# Task to complete
Wherever the line with "tomat mikado chernyi otzyv 1" sits in the listing below, transcribe from it up to and including the line with "ANİPOLİ VETERİNER KLİNİĞİ foto 2", exactly, and leave the remaining lines out.

# Excerpted data

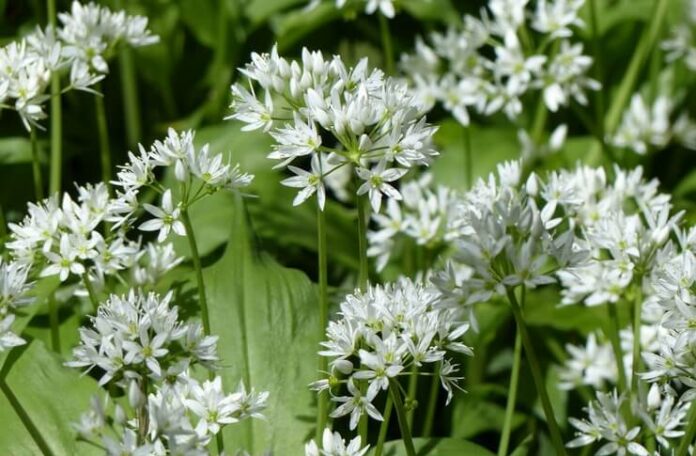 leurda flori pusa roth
...
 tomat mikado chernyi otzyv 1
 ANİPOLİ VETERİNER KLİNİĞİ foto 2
...
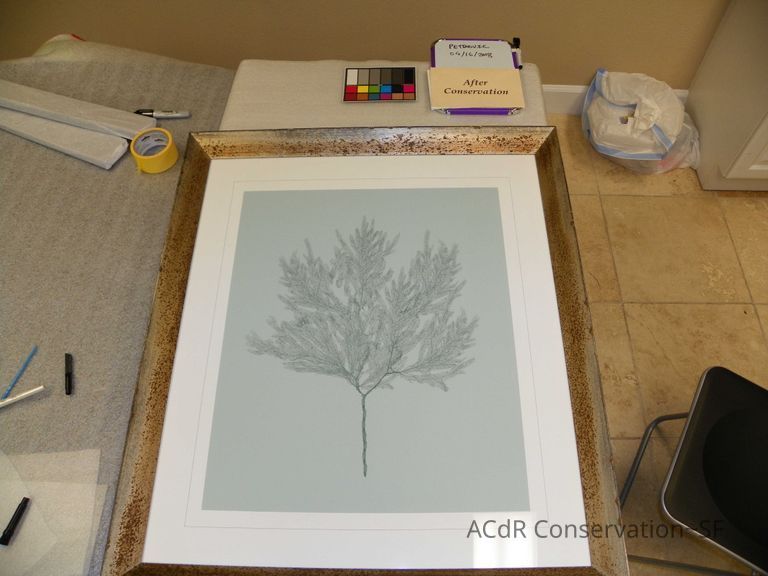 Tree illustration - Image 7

# Output for this task
 tomat mikado chernyi otzyv 1
 ANİPOLİ VETERİNER KLİNİĞİ foto 2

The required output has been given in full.